Gewalt im Pflegeheim stoppen: ZQP fordert neue Schutzkonzepte

Benedikt Hübenthal
Gewaltprävention in der Pflege: ZQP stellt neuen Praxisleitfaden vor

Gewaltprävention in der stationären Langzeitpflege ist ein drängendes Thema, das keinen Aufschub duldet. Ob physische Übergriffe, verbale Entgleisungen oder Vernachlässigung – die Ursachen für Gewalt in Pflegeheimen sind vielfältig und oft auf strukturelle Überlastung zurückzuführen.
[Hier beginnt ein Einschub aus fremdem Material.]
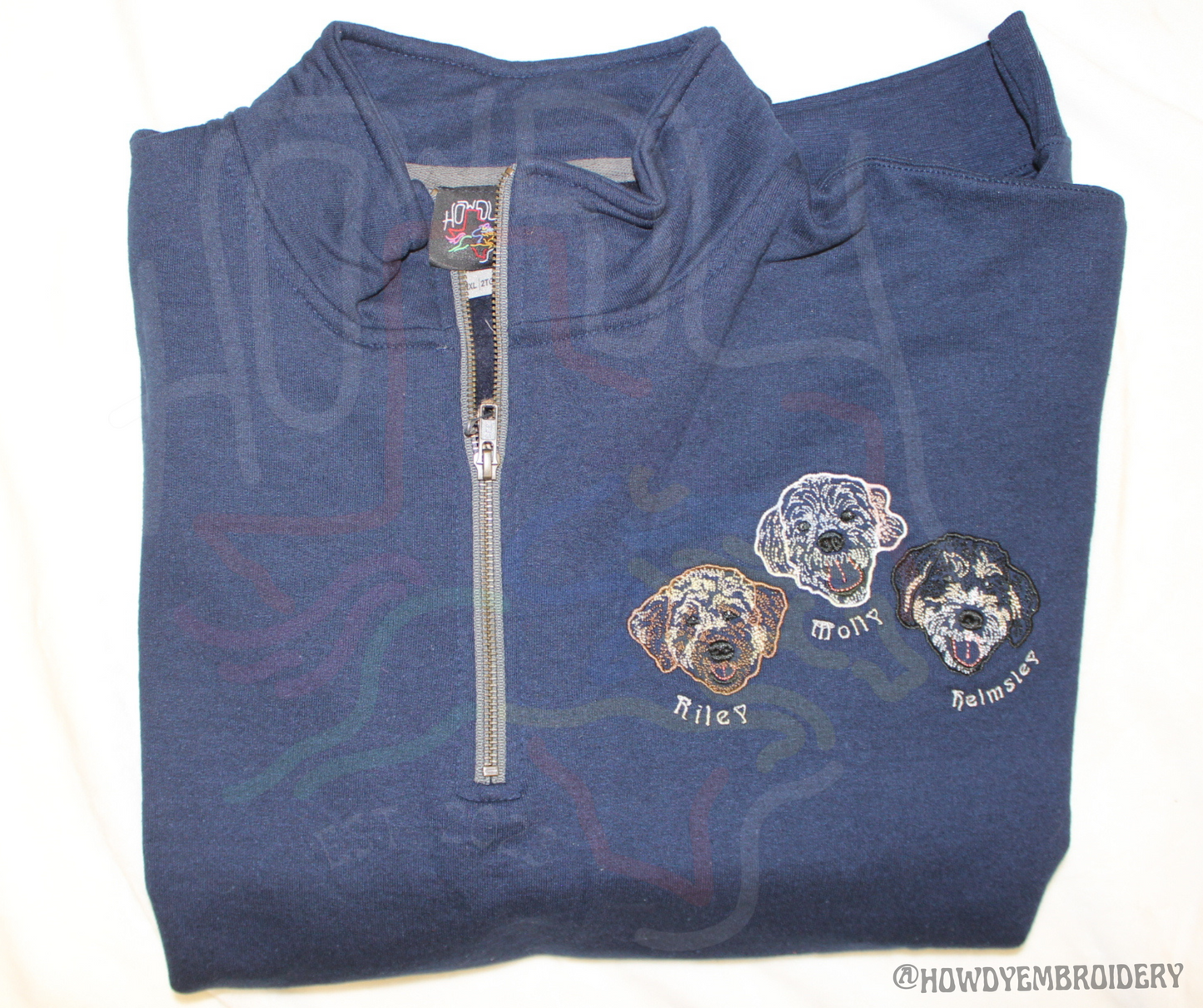 Minimalist Outline Embroidered Pet Quarter-Zip with Paw Zipper Pull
Um Pflegebedürftige wie auch das Personal besser zu schützen, rückt nun ein neues Instrument in den Fokus der Qualitätssicherung.

ZQP fordert maßgeschneiderte Schutzkonzepte

Laut der Stiftung Zentrum für Qualität in der Pflege (ZQP) ist die systematische Gewaltprävention in Pflegeeinrichtungen nicht nur eine moralische, sondern auch eine zwingende fachliche Notwendigkeit. Das zentrale Werkzeug dafür ist ein sogenanntes Gewaltschutzkonzept. Doch ein standardisiertes Dokument aus der Schublade reicht nicht aus. Experten betonen, dass solche Konzepte zwingend organisationsbezogen und partizipativ – also unter Einbeziehung aller Beteiligten – erarbeitet werden müssen.

Ein neuer Leitfaden für die Praxis

Um Heime bei dieser komplexen Aufgabe nicht allein zu lassen, hat das ZQP reagiert. Die Stiftung stellt ab sofort einen wissenschaftlich fundierten Praxisleitfaden zur Verfügung, der sich gezielt an stationäre Langzeitpflegeeinrichtungen richtet. Dieser Leitfaden soll Pflegeheimen als konkrete Blaupause dienen, um eigene, auf ihre spezifischen Herausforderungen zugeschnittene Schutzmaßnahmen zu entwickeln.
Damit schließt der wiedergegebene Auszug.